- [TRY IT]
Set every entry down again, unchanged, picture-free.

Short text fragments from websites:
■ ■ ■ ■ ■

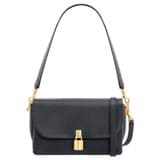 Front product shot of the Oroton Tate Medium Day Bag in Black and Pebble Leather for Women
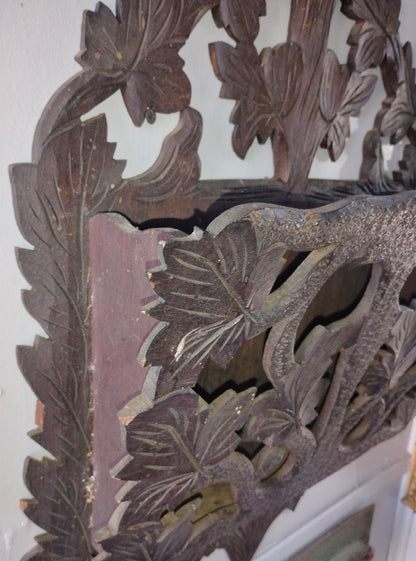 Antique Hand-Carved Wooden Wall Pocket - Leaf Motif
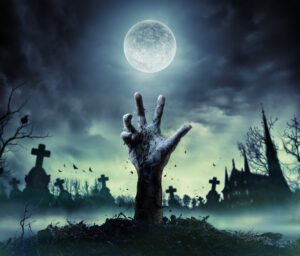 spooky autumn graveyard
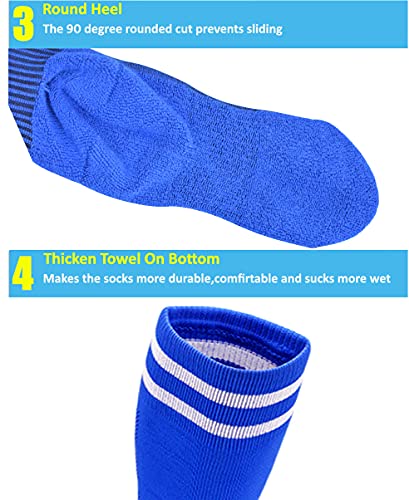 ZENDA Kids Soccer Socks 4 Pack Boys Girls Cotton Team Socks Teens Children Soccer Socks4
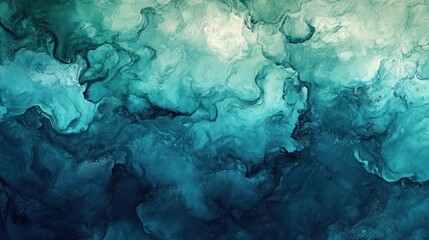 Abstract ocean waves in shades of blue and teal, creating a serene and calming atmosphere.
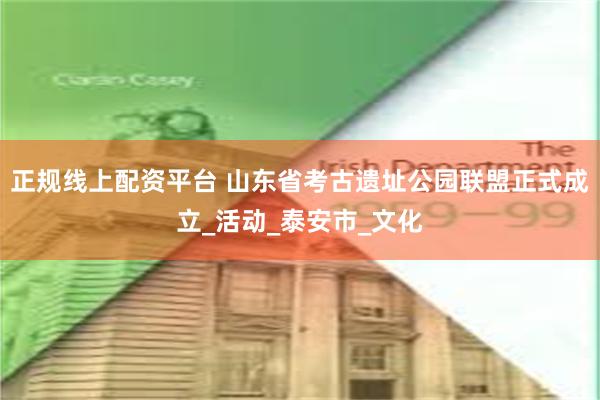 正规线上配资平台 山东省考古遗址公园联盟正式成立_活动_泰安市_文化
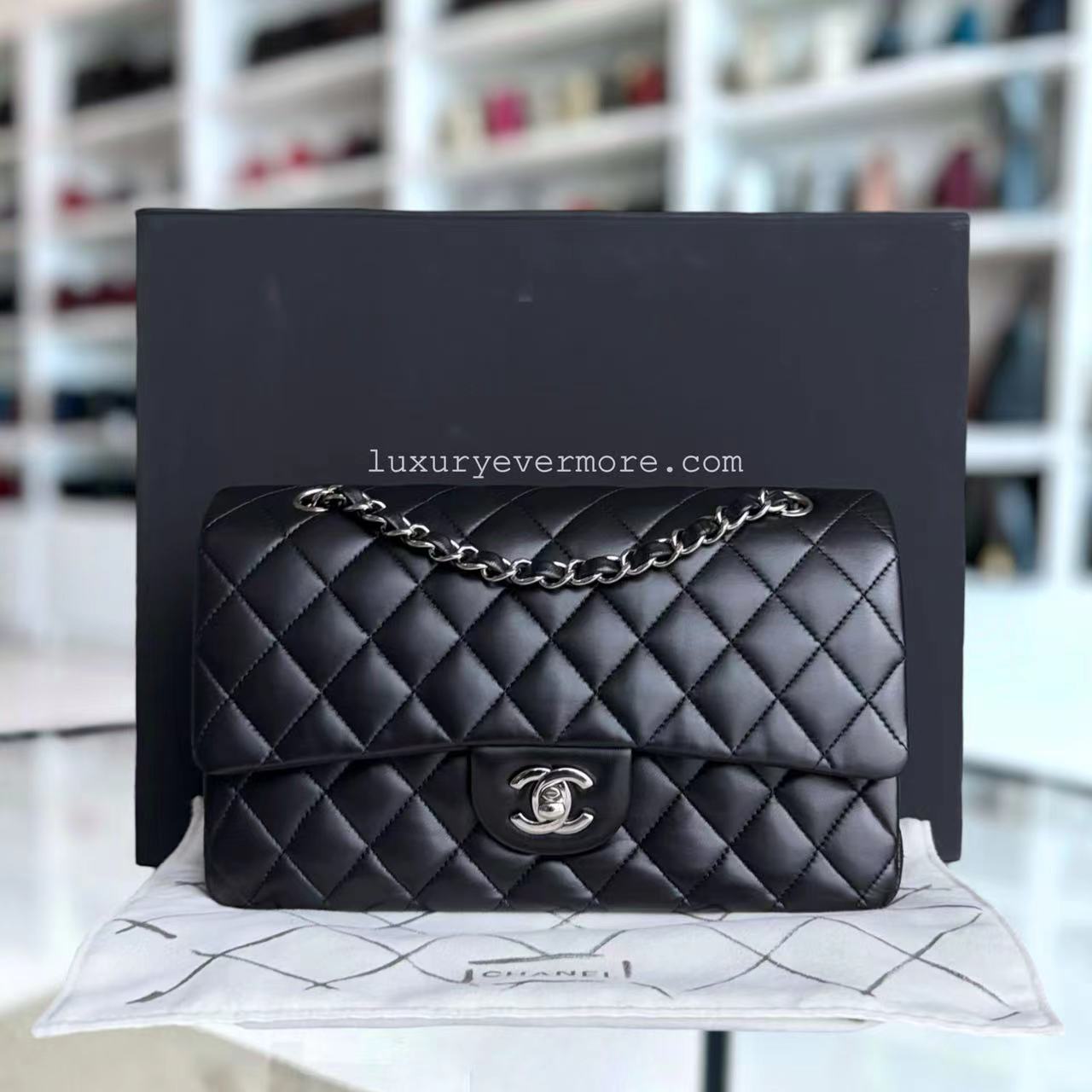 Chanel Classic Flap Medium - 25CM Double Flap Quilted Lambskin Black Silver Hardware Series 19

■ ■ ■ ■ ■

- [FINAL ANSWER]
 Front product shot of the Oroton Tate Medium Day Bag in Black and Pebble Leather for Women
 Antique Hand-Carved Wooden Wall Pocket - Leaf Motif
 spooky autumn graveyard
 ZENDA Kids Soccer Socks 4 Pack Boys Girls Cotton Team Socks Teens Children Soccer Socks4
 Abstract ocean waves in shades of blue and teal, creating a serene and calming atmosphere.
 正规线上配资平台 山东省考古遗址公园联盟正式成立_活动_泰安市_文化
 Chanel Classic Flap Medium - 25CM Double Flap Quilted Lambskin Black Silver Hardware Series 19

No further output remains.